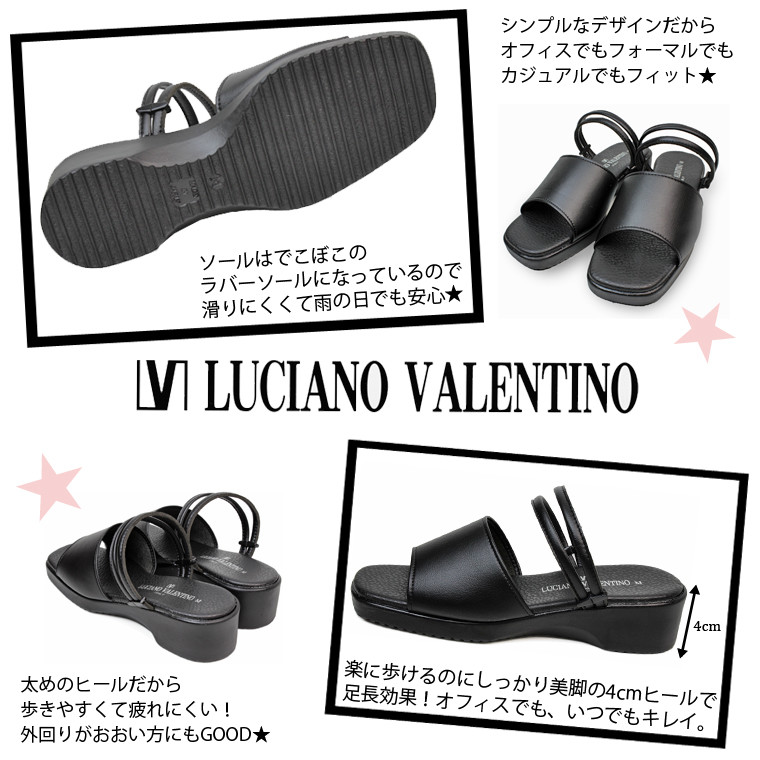 LUCIANO VALENTINO（ルチアーノバレンチノ） 日本製 ルチアノ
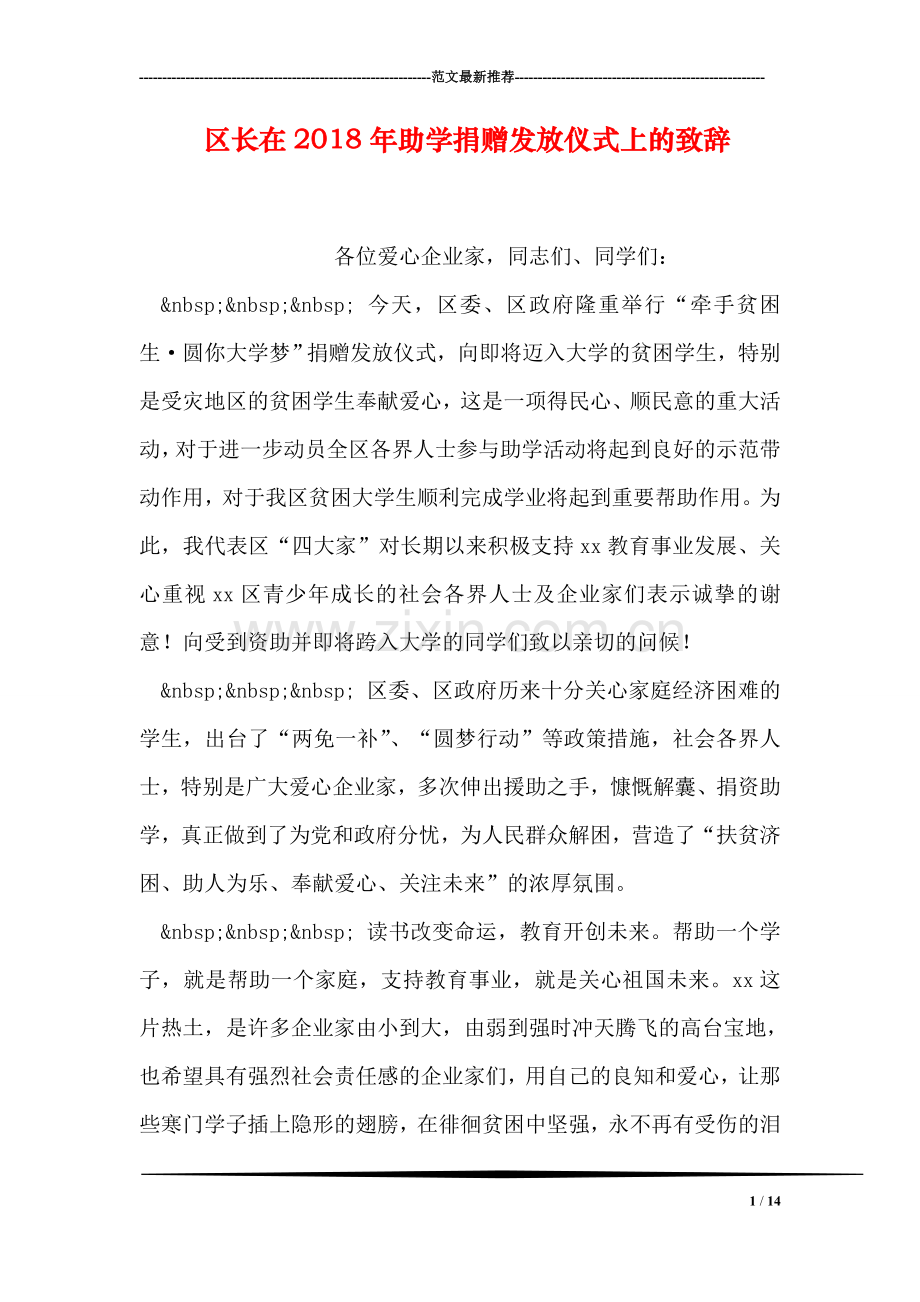 区长在2018年助学捐赠发放仪式上的致辞.doc_第1页
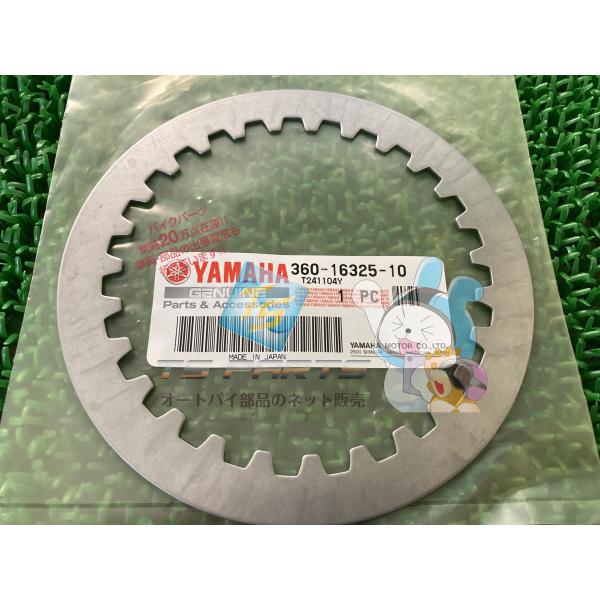 SR400 クラッチプレート 在庫有 即納 ヤマハ 純正 新品 バイク 部品 XT250 YZ250...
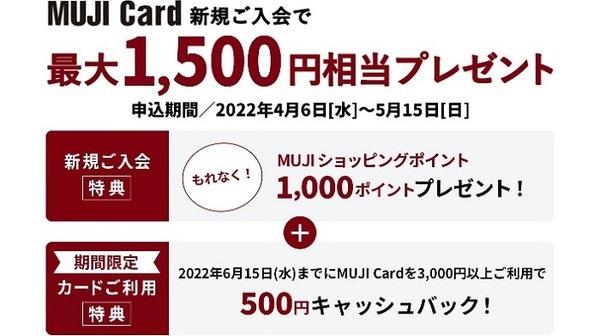 MUJI CARD新規入会で最大1500円相当プレゼント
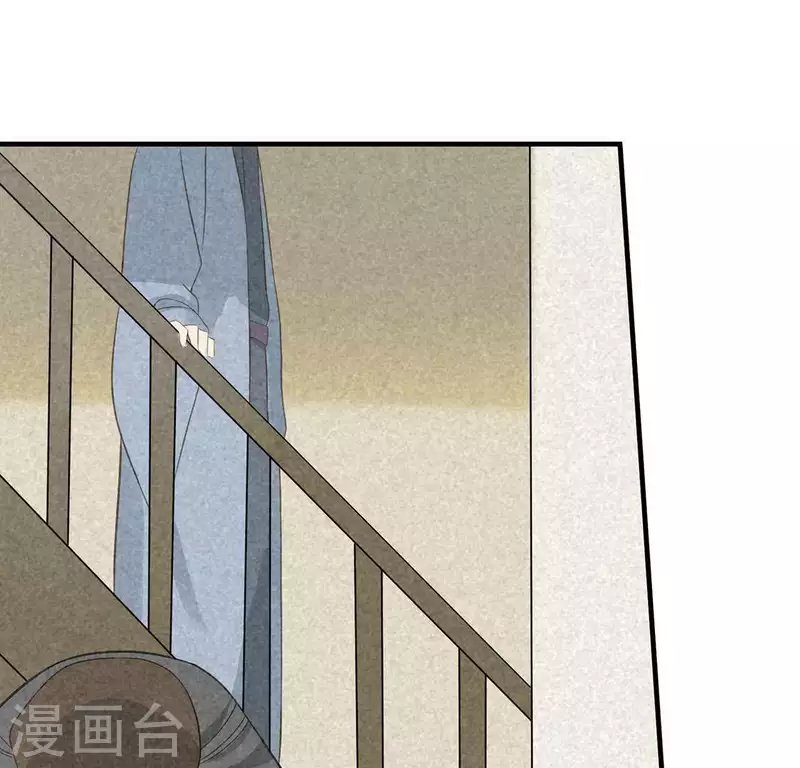 第81话 表白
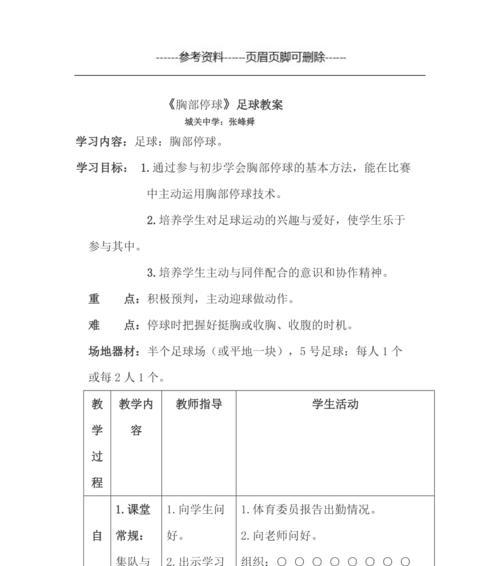 胸顶球技巧（通过胸顶球技巧培养精准控球和传球技术，提高比赛竞争力）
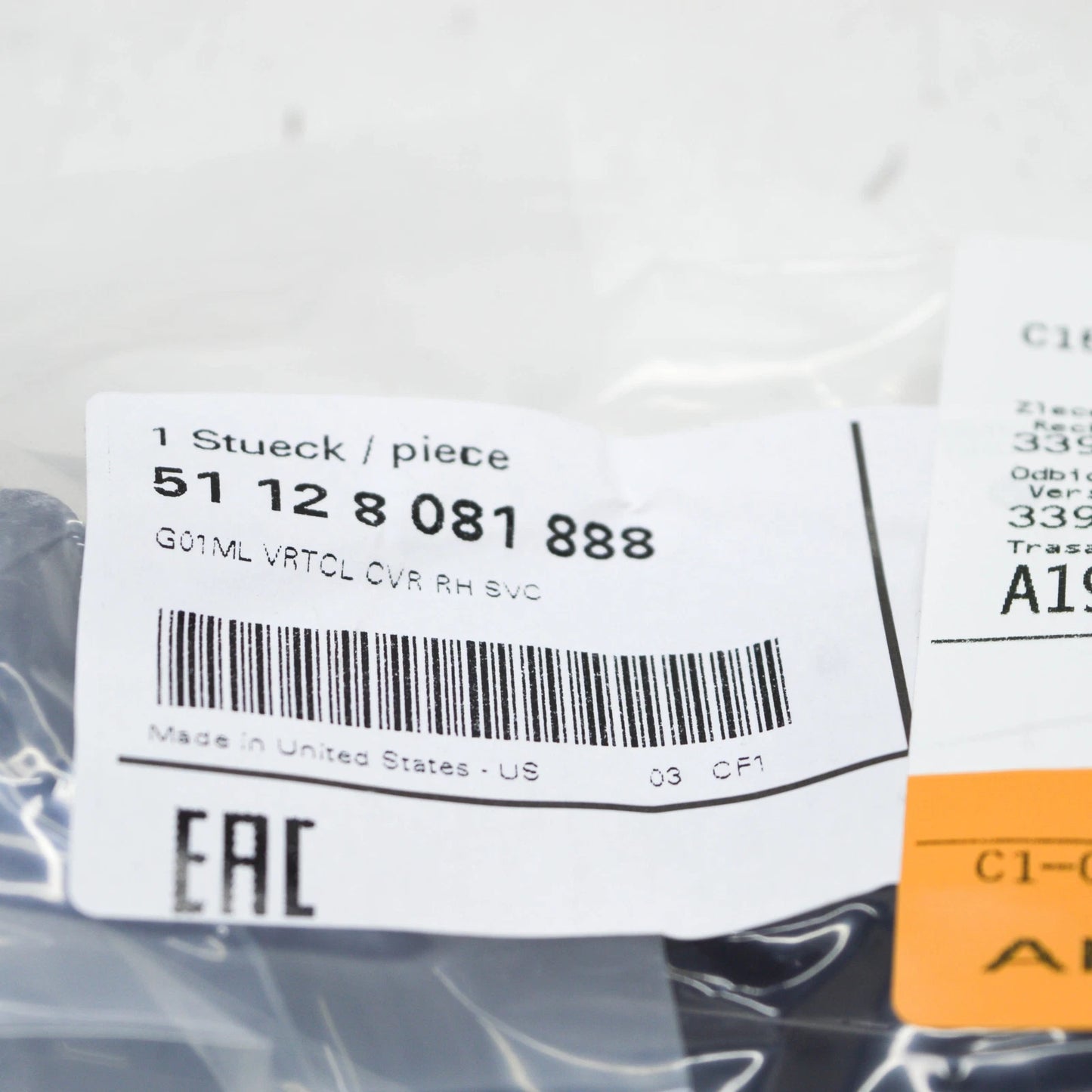 NEW BMW X3 G01 M F97 REAR RIGHT PANEL COVERING TRIM 51128081888 ORIGINAL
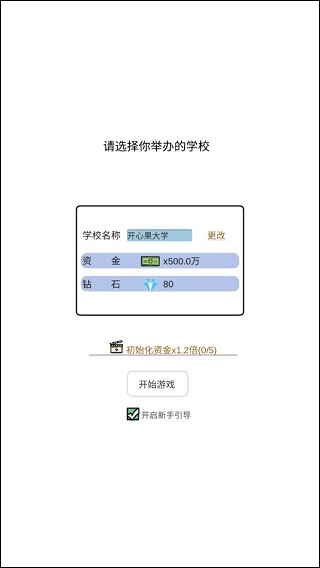请叫我校长新手攻略-365攻略星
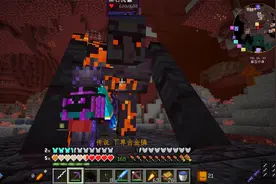 我的世界卓越2，p10：推进进度仅剩最后一个boss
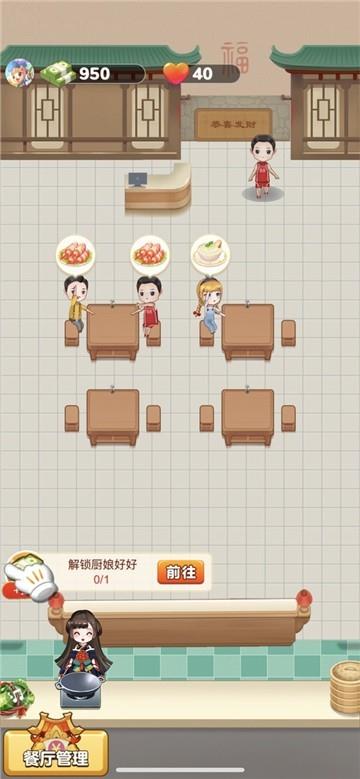 餐厅游戏app_餐厅手机游戏_多人餐厅手机游戏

::::::

Task goal
Leave every picture out and print exactly the lines from the one that contains "我的世界卓越2，p10：推进进度仅剩最后一个boss" through the last line of the material above.

Solution below
 我的世界卓越2，p10：推进进度仅剩最后一个boss
 餐厅游戏app_餐厅手机游戏_多人餐厅手机游戏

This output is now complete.